In all its present Brexit travails it is heartening to know that Britain still has the company of sailors like Sir Robin who is 80 years old and who, when he was 30, in 1969, became the first person to perform a single-handed non-stop circumnavigation of the globe. Then in 2007, at the age of 67, he set a record as the oldest yachtsman to complete a round the world solo voyage.

Sir Robin has explained the secret of his success by saying : "When I was on a cadet ship and we were about 50-50 grammar and public school, there was a difference. It showed in funny ways. For instance, the bullies tended to be grammar school boys. I think if you’d been a boarder at a public school you’d been through it there. I do think they had this ethos of ‘Do it, go for it, don’t look back’.”

He maintains contact with the polar adventurer Sir Ranulph Fiennes and the broadcaster John Simpson, with whom he appeared in 2009 in the BBC series 'Top Dogs.' The three men were shown visiting the Tora Bora caves in Afghanistan, Cape Horn and the tundra of  Newfoundland and he agrees that it is significant that all three of them were ex- public school boys. In addition, he said of mountaineer Sir Chris Bonington : “We go climbing occasionally. He went to private school. It is boarding, I think. But no question." 

The "no question" in Sir Robin's case was Berkhamsted Boys' School in Hertfordshire, which his parents coughed up the money for him to attend, as a boarder, from 1957 to 1968 and where he acquired the qualities which assured his success as a sailor. With its motto 'Virtus laudata crescit' or 'greatness increases with praise' it was originally founded in 1541 by the Dean of St Paul's Cathedral, John Incent.

Interestingly, the foremost 20th century novelist, Graham Greene, was at the school some thirty plus years before Sir Robin. The the son of the Headmaster and a boarder in St John’s House, he  was bullied so badly that he ran away from school, toyed with suicide by playing Russian roulette and had to see a psychoanalyst. It has been suggested that this deep, school-engendered unhappiness is why Greene, as a writer, didn’t really do ‘goodies.’ Everyone seemed to be a ‘baddie’ – only some were worse than others.

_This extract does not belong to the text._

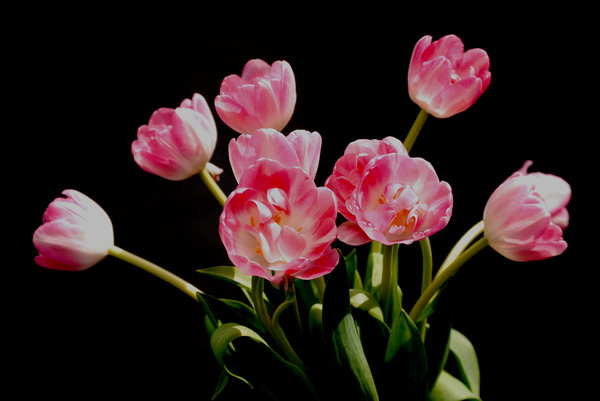 tulipanes de color rosa: 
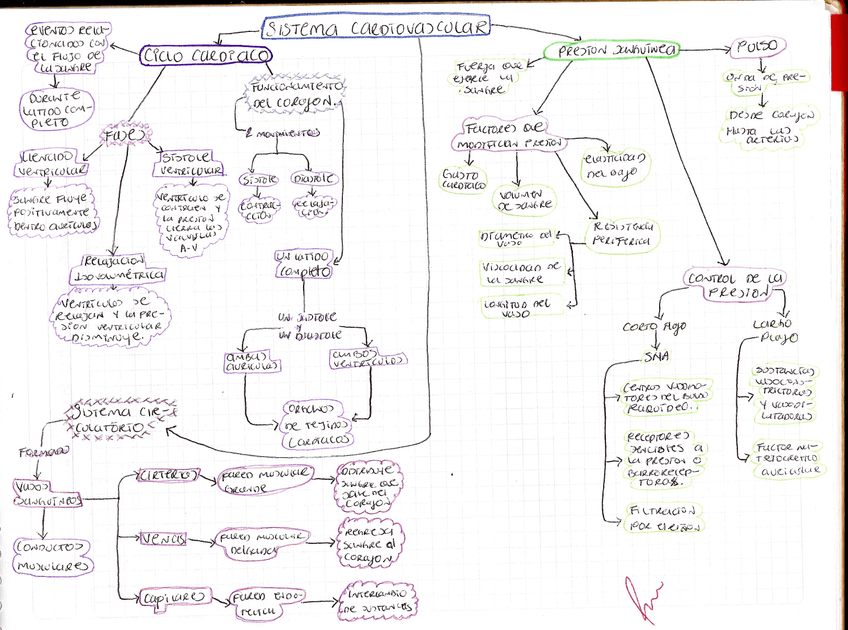 SISTEMA-CARDIO-VASCULAR-MAPA-FISIO.jpg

Thankfully, Graham’s analyst did change his direction, encouraged him to write and introduced him to a literary circle and he returned to Berkhamsted Boys' School as a day-boy. Also, while continuing to play truant to avoid bullies he used the ‘spare’ time reading adventure stories and the tales which deeply influenced his future writing.

Sir Robin is in the news again because he is considering a drastic end to Suhaili, his 32ft ketch, which is showing its age and has suggested that perhaps he should arrange for her to be burnt with his body. “It’s something I should think about. I think it would be unfair to leave it to the grandchildren. I could have a Viking funeral, I suppose.”

It was Suhaili which was was knocked flat in the Southern Ocean in 1969 and nearly had its roof torn off, where Sir Robin was thrown from his bunk, drenched in seawater and realised that if he did not bolt his cabin back together he would die in an open boat. No doubt the old public school ethos kicked in and saw him through and privilege, once again, paid off.